The Chronicle Herald recently had an article “Nowhere near electric: Diesel buses lined up for future Halifax Transit fleet” and CBC recently had an article “Ecology Action Centre ‘disheartened’ by HRM decision to buy 150 diesel buses“.
Although both stories are accurate they are also incomplete.
Halifax currently has a full fleet of diesel buses, no electric buses, and no buses of any other fuel sort. We are working on changing that, but it’s a long process.
Strategic Transit Projects – switching to Electric, Hydrogen, or Natural Gas
In early 2018, HRM Council received a feasibility study (written in 2017) on the electrification of the bus fleet. That report can be found by clicking here. The Background section of that report lists actions that have stretched back over a decade.
That 2017 study was referenced in a report that Council received in May 2020 on Strategic Transit Projects. That report can be found by clicking here.
This report discussed three concepts:
- Bus Rapid Transit (basically express bus routes within Halifax, Dartmouth, and Bedford)
- Fast Ferries (passenger ferries, from new locations, but also keeping the current ferries)
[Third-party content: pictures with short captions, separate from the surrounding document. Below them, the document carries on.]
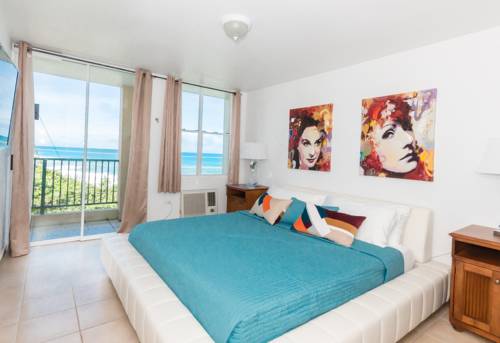 Фото 
Gallop B&B
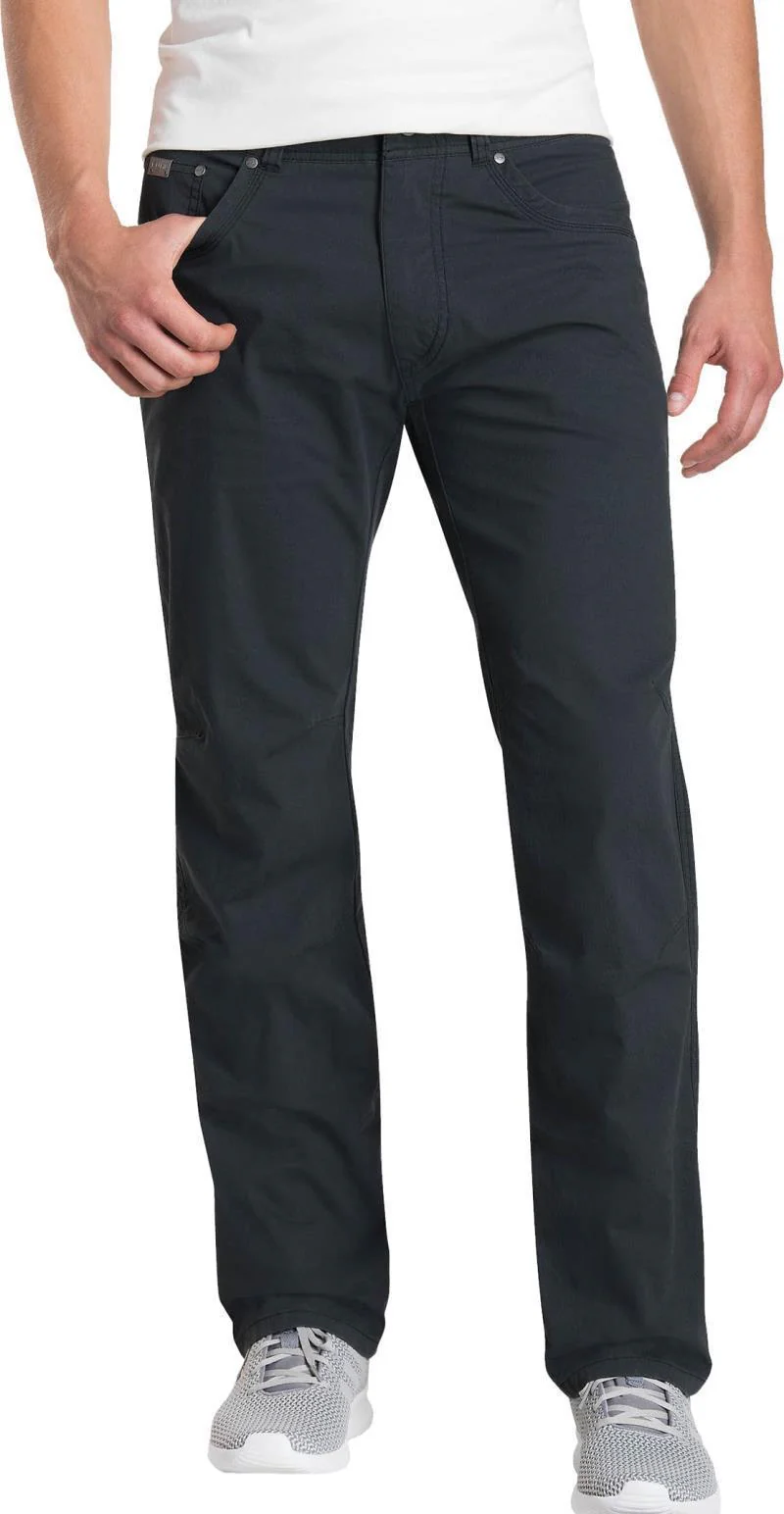 Revolvr Pants, Full Leg, 36" Inseam - Mens - Image 24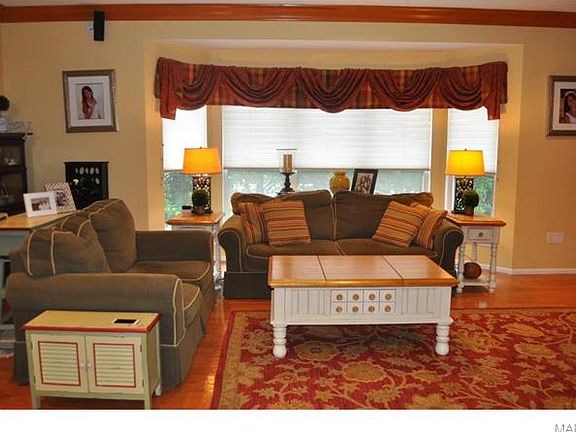 4th image of 4883 Southridge Park Dr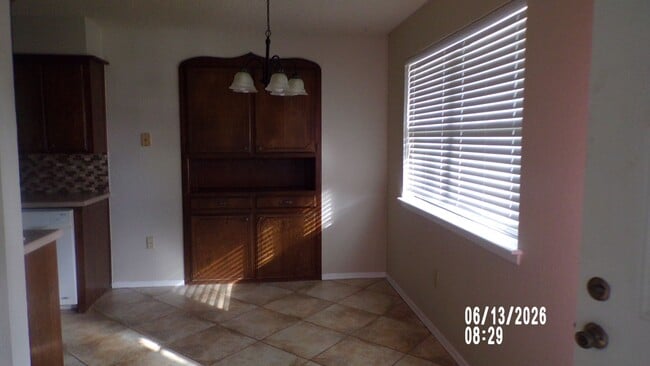 Photo - Fantastic house on the eastside of Lawton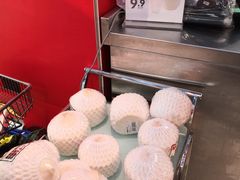 -盒马鲜生(大成店)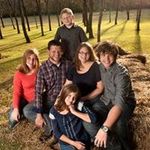 Missy Hicks Steele - @missyhickssteele - Instagram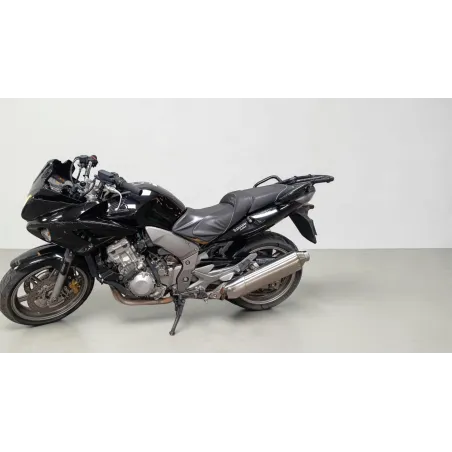 HONDA CBF 1000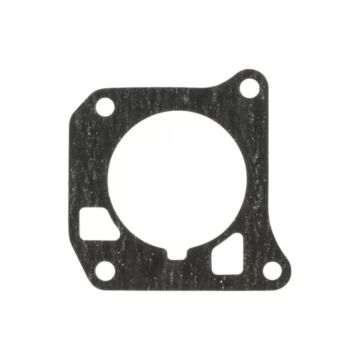 Mahle Gaskleppakking (Honda Legend 96-05 3.5i) | MC-G31210 | A4H-TECH / ALL4HONDA.COM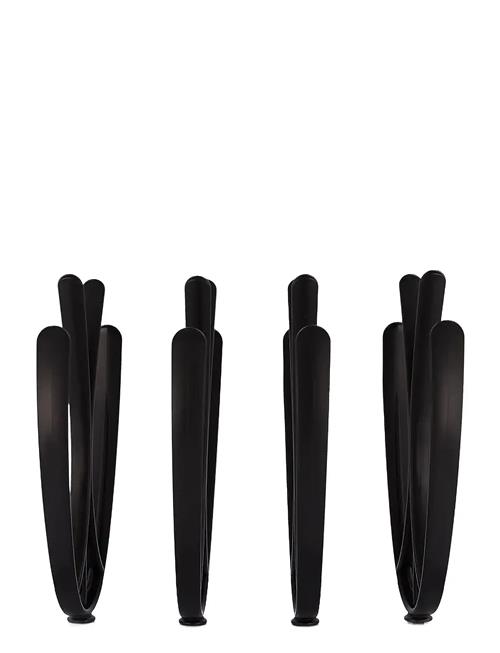 Twistshake | Twistshake Drying Rack | ONE SIZE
- Electrification of the bus fleet
The easiest part of the implementation is buying electric buses. At this point, however, we don’t have the infrastructure to support an electric bus. We would be able to run the bus for a while, but we wouldn’t be able to do anything else with it.
In the 2020/21 budget year, Council allocated money for a staff position to develop a plan for implementation. Part of the responsibilities for this role are to ensure that we have the right infrastructure to support an electric fleet. We are planning to start with the transit garage at Ragged Lake
We have completed a number of steps towards electrification of the fleet, but we still have a long way to go.
One of the considerations was: should the buses be charged while they were in a route, or would they have to be at the garage to be charged?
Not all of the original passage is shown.